By User:Visviva [CC BY 4.0], from Wikimedia Commons

June 26, 2018; The Atlantic

Yesterday, the US Supreme Court ruled that California’s pregnancy crisis centers do not have to post the disclosure signs that were previously required by the state’s FACT Act, which passed in 2015. The act requires that sites without medical licenses state that they are not licensed medical care providers, and that sites with medical licenses acknowledge that the state provides low-cost family planning and abortion services that are not offered at the crisis centers.

Justice Clarence Thomas wrote the opinion for the five-vote majority and said,

The FACT Act unduly burdens protected speech. It imposes a government-scripted, speaker-based disclosure requirement that is wholly disconnected from the State’s informational interest. It requires covered facilities to post California’s precise notice no matter what the facilities say on site or in their advertisements. And it covers a curiously narrow subset of speakers.

What Thomas means is, the speech required by FACT goes above and beyond speech the state can legally require for the best interest of citizens, such as informed consent for medical procedures. That is sometimes known as “professional speech,” and is the basis on which the Ninth Circuit court ruled against the NIFLA clinics. Thomas said that not only has SCOTUS never recognized professional speech, it doesn’t matter because the sign requirement is neither part of informed consent nor professional regulation, and “in no way relates to the services that licensed clinics provide.” (Except, of course, that those clinics provide counseling to pregnant women and actively advocate against abortion.)

There are a number of disingenuous points to Thomas’ argument. One is that FACT requires clinics to “advocate” for abortion and family planning, when in fact all it requires is that women be informed that these things are available to them.
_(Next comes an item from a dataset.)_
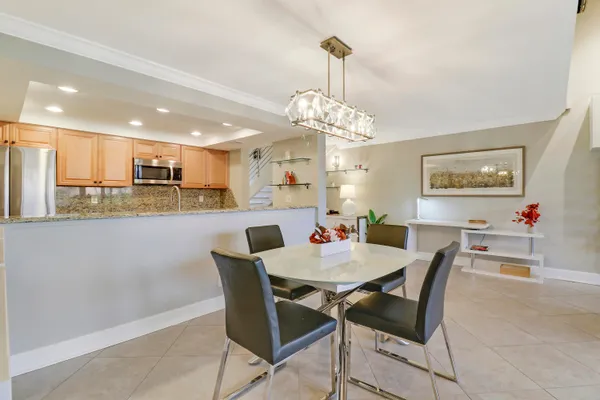 a view of a dining room and a kitchen with a dining table chairs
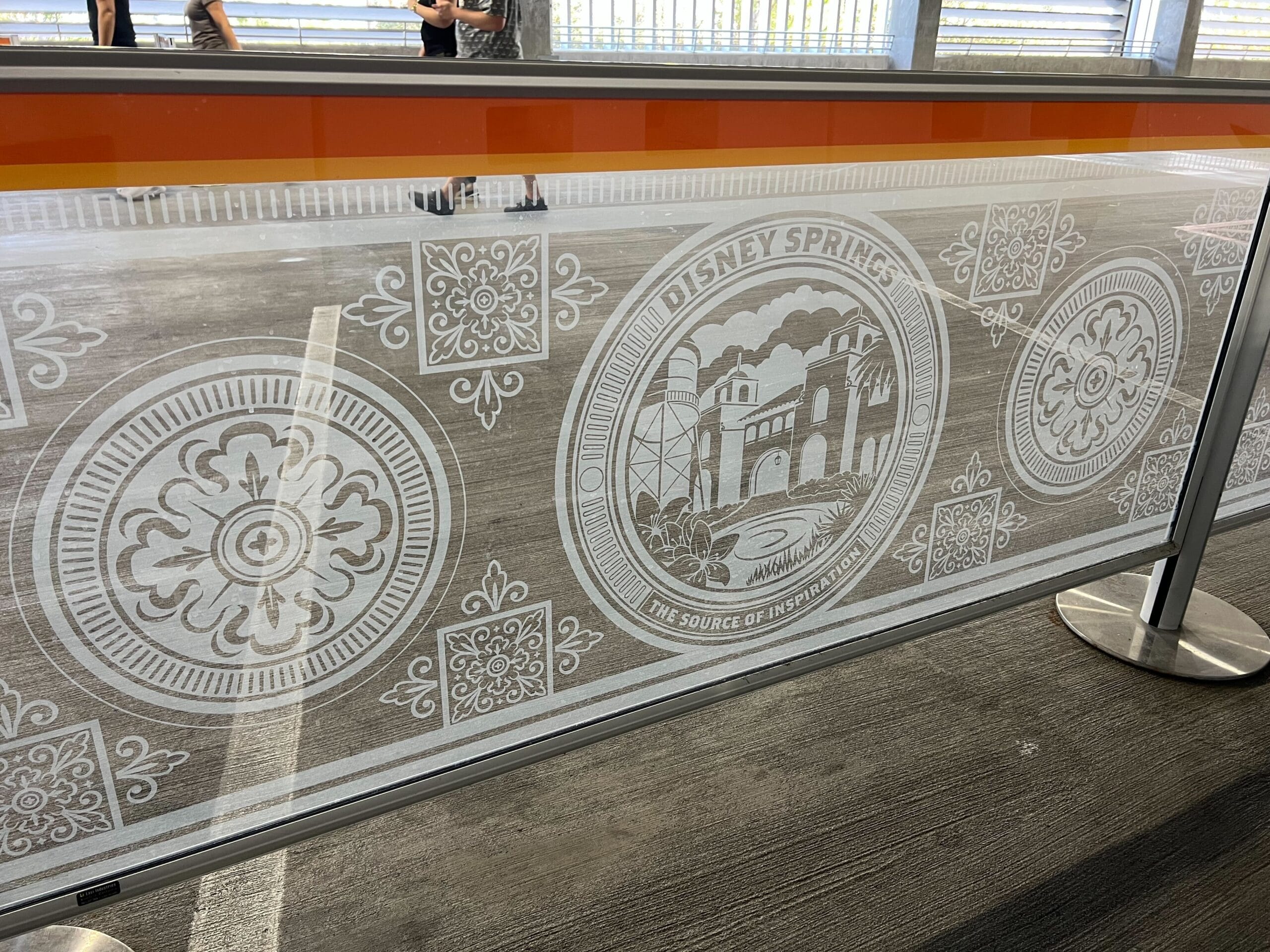 Glass barrier featuring white etched designs and a Disney Springs logo in a parking garage, no castle like those at Disney parks visible.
Dawn Laguens, Executive Vice President, Planned Parenthood Federation of America, wrote, “Fake women’s health centers are lying to women, withholding medical information, and creating barriers to health care.” Maggy Krell, Chief Legal Counsel for Planned Parenthood Affiliates of California, wrote, “Patients deserve reliable information about their options and to be treated with dignity and respect. California passed the Reproductive FACT Act to ensure that all clinics provide a simple disclosure about their license status and the availability of free or low-cost reproductive services.”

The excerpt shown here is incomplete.